“SolrCloud is designed to provide a highly available, fault tolerant environment for distributing your indexed content and query requests across multiple servers. It’s a system in which data is organized into multiple pieces, or shards, that can be hosted on multiple machines, with replicas providing redundancy for both scalability and fault tolerance, and a ZooKeeper server that helps manage the overall structure so that both indexing and search requests can be routed properly.” – Solr Wiki
I am following the tutorial “Getting Started with Solr Cloud” and felt it will be beneficial to add a few images with some comments to help the ones like me who feels like “driving”.
When you first started the two nodes Solr Cloud, you can see a topology graph of the Cloud by visiting the web admin. In the graph below, starting from the root – “gettingstarted”, one can easily see that collection got split into two shards, shard1 and shard2. And each shard, instead of split, got replicated twice and each replication is sitting on a different node. And out of the two replications/nodes/servers, one out of two has been marked as Leader while the other one is active. In this case, it happens to be the Leaders of both shards happen to be on the same machine 7574.
Since we are simulating a Solr Cloud using once machine, behind the scene it is actually running two separate JVMs.
You can even extract more information from the process like port number, jvm memory size, time out time and even zoo keeper information.
The following screenshot is the output of the command “bin/solr healthcheck” where gives you a quick summary of what is going on about the cluster at a high level.
The next step is to index a few documents and see how it looks like in the SolrCloud.
$ bin/post -c gettingstarted docs/ /Library/Java/JavaVirtualMachines/jdk1.8.0_66.jdk/Contents/Home//bin/java -classpath <solrpath>/dist/solr-core-5.4.1.jar -Dauto=yes -Dc=gettingstarted -Ddata=files -Drecursive=yes org.apache.solr.util.SimplePostTool docs/ SimplePostTool version 5.0.0 Posting files to [base] url http://localhost:8983/solr/gettingstarted/update... Entering auto mode. File endings considered are xml,json,csv,pdf,doc,docx,ppt,pptx,xls,xlsx,odt,odp,ods,ott,otp,ots,rtf,htm,html,txt,log Entering recursive mode, max depth=999, delay=0s Indexing directory docs (3 files, depth=0) POSTing file index.html (text/html) to [base]/extract ... POSTing file VelocityResponseWriter.html (text/html) to [base]/extract Indexing directory docs/solr-velocity/resources (0 files, depth=2) 3853 files indexed. COMMITting Solr index changes to http://localhost:8983/solr/gettingstarted/update... Time spent: 0:00:44.416
Using the bin/post SimplePostTool, I easily indexed 3853 documents. And now lets see how it looks like SolrCloud.

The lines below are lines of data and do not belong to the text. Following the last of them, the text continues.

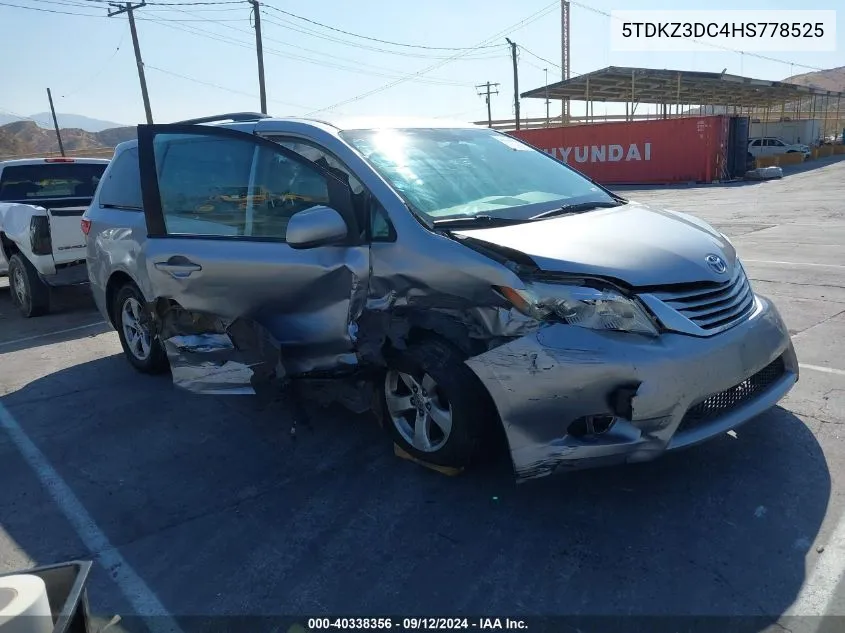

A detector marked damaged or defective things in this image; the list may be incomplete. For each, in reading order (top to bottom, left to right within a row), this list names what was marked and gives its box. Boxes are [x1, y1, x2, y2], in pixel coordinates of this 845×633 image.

smashed passenger door [137, 123, 368, 396]
damaged toyota sienna [84, 113, 796, 478]
shattered headlight [498, 282, 656, 336]
crumpled front bumper [464, 294, 796, 482] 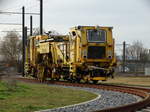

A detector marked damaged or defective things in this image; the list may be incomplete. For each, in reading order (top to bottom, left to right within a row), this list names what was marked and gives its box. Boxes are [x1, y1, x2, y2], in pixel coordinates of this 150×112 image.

rusty rail surface [16, 78, 150, 112]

This is really interesting, what is really going on here after I ran the post command:
- When the SimplePostTool was issued, we really did not specify how to split the documents and which shard it need to go. And the only thing you need to specify is the collection name. Cloudera really hide the complexities from the end users.
- After all the 3853 documents got properly indexed, I went to the Leader of each shard and from the overview window, you can see how the documents got split into each shard, Shard1: 1918, Shard2: 1935 and they add up to (1918+1935) = 3853.

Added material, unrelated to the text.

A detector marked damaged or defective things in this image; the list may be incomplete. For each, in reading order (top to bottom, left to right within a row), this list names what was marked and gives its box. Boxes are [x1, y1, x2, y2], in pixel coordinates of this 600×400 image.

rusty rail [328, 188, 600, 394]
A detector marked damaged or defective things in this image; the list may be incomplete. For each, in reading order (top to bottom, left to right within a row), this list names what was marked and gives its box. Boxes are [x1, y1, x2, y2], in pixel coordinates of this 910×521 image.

- When I issued a query from the webapp inside one of the cores, it actually make an API call to that specific core – localhost:8983/solr/gettingstarted_shard2_replica1, however, the returned result are 3853! that is everything in this collection. Clearly, even if your query are issued against one shard, the query are actually across the whole SolrCloud.
- I also tried to change the core name to be the collection name because end user really don’t know how many replications or how many shards we have behind the scene. And actually most people probably don’t care at all. After I change it from core name to the collection name, it still returned the complete result correctly.
Now we have started a two node Solr Cloud, indexed some documents and saw how it got split into shards and how to query against individual core or even the whole collection.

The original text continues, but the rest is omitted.